> Required work
Although the data below contains pictures, output only the lines between those holding "2022 Audi Q3 45 S line Premium Plus" and "ヤリス Z 禁煙 2トーンカラー", inclusive, exactly and without those pictures.

> Listed entries
————————

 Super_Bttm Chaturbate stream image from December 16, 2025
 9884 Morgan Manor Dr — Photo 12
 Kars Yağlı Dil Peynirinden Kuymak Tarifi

————————

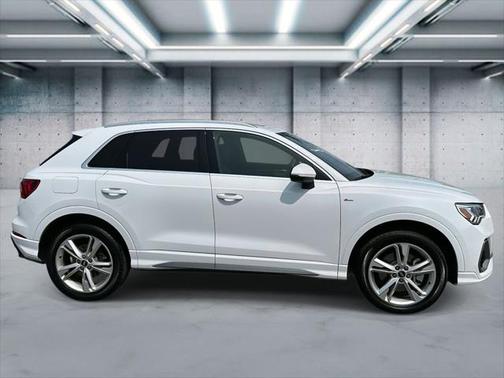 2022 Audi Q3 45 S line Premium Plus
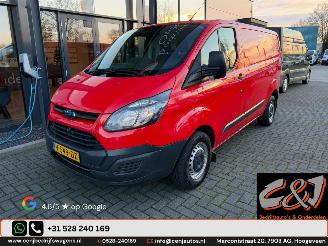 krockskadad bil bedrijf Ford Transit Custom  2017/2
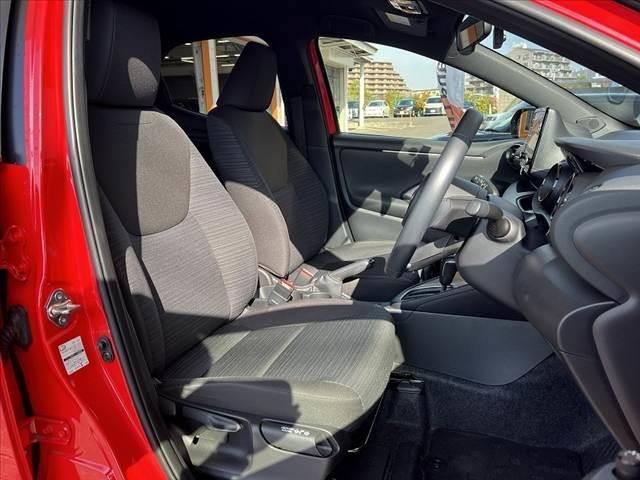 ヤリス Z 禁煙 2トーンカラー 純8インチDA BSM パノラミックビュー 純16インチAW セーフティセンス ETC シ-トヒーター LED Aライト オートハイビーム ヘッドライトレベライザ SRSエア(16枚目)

————————

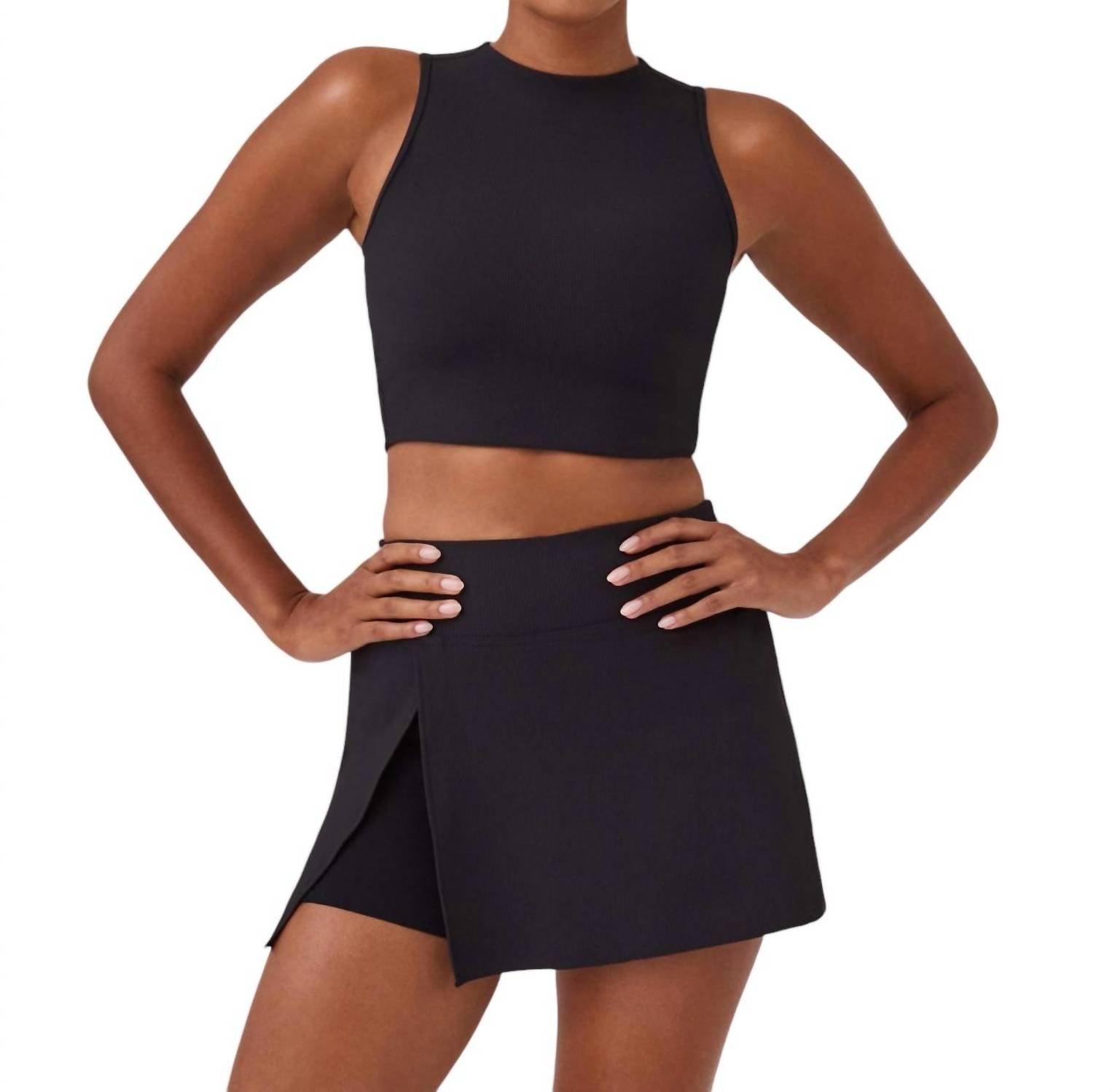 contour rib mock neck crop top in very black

————————

> Answer to the exercise
 2022 Audi Q3 45 S line Premium Plus
 krockskadad bil bedrijf Ford Transit Custom  2017/2
 ヤリス Z 禁煙 2トーンカラー 純8インチDA BSM パノラミックビュー 純16インチAW セーフティセンス ETC シ-トヒーター LED Aライト オートハイビーム ヘッドライトレベライザ SRSエア(16枚目)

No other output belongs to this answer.